I'm a little shell-shocked as I remove my helmet. Members of the MINI X-Raid PR team are actually concerned as I struggle to form coherent sentences. Though I knew that this would be a once in a lifetime opportunity, I never expected it would have this kind of impact on me. Standing to my right is the Monster Energy X-Raid MINI ALL4 Racing endurance rally car that competed in this year's Dakar Rally. And I've just driven it.
Rewind a couple of hours. crankandpiston.com is one of only a few publications worldwide to have been invited to this drive event, and given both MINI and X-Raid Team's endurance racing records, it's an invite worth having. In 2003, Germany's X-Raid Team became the first outfit to enter a diesel-powered vehicle for the Dakar with the BMW X5, a trend still followed today. In 2011, X-Raid joined forces with MINI, winning the Abu Dhabi Desert Challenge on its debut and successfully defending Leonid Novitskiy's FIA World Cup title in its rookie campaign. In 2012, the X-Raid MINI took a one-two on its Dakar Rally debut, a feat it repeated the following season. In 2014, the X-Raid MINIs took the hat trick with a decisive podium lockout ahead of stellar opposition from Hummer and Toyota. The team's current driver line-up boasts former Dakar winners Joan 'Nani' Roma and Nasser Al-Attiyah as well as the most successful of them all, 11-time winner Stephane Peterhansel. And the team has invited me – a local lad from the North of England – to drive its Dakar winner in the desert. Nerves and excitement go hand-in-hand today like never before.

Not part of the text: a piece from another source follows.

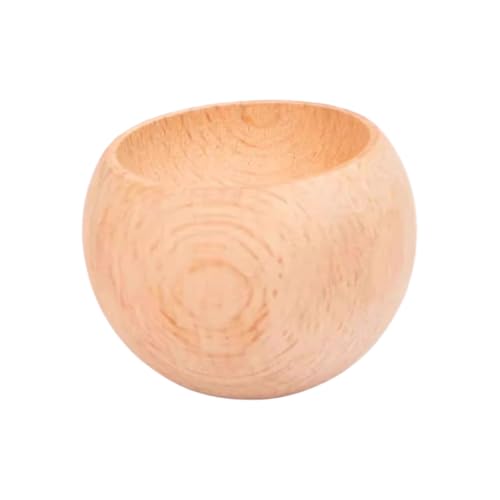 Holzdiffusor – Becher aromma-Diffusor aus Holz, kompakter eiförmiger Duftspender, tragbarer Öldispenser | Lang anhaltendes aromma für Kleiderschrank, Toilette, Spa, Wohnzimmer, Auto oder Büro. von Opilroyn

Said nerves are put to rest slightly when – at base camp, a few clicks from Dubai's Bab Al Shams desert resort – I'm introduced to X-Raid mechanical wizard, Miguel Moreira. He's been with the team since the day it started, and packs enormous experience from both the World Rally Championship and national rallying in his native Portugal among other disciplines. Having worked on the ALL4 Racing from the ground up, there's not a lot he doesn't know about either test model here today: as he mentions, "I don't need the book!"
The chassis comes from Heggemann Autosport in Germany and is five per cent larger than that on the production ready Countryman, whilst the lightweight bodywork has been manufactured in France. The Reiger Racing Suspension – THE key component for endurance rallying, Miguel explains – connects to regulation Michelin All-Terrain tyres, while the AP disc brakes use a combination of water and air-cooling to battle the ungodly desert heat. To ensure as much indestructability as possible, each 1900kg model – prepared across one month by four mechanics – conducts 15-20 days of pre-season testing in Morocco. Similar in physique the ALL4 Racing may be to the Countryman, but the MINI badges and headlights are all they have in common.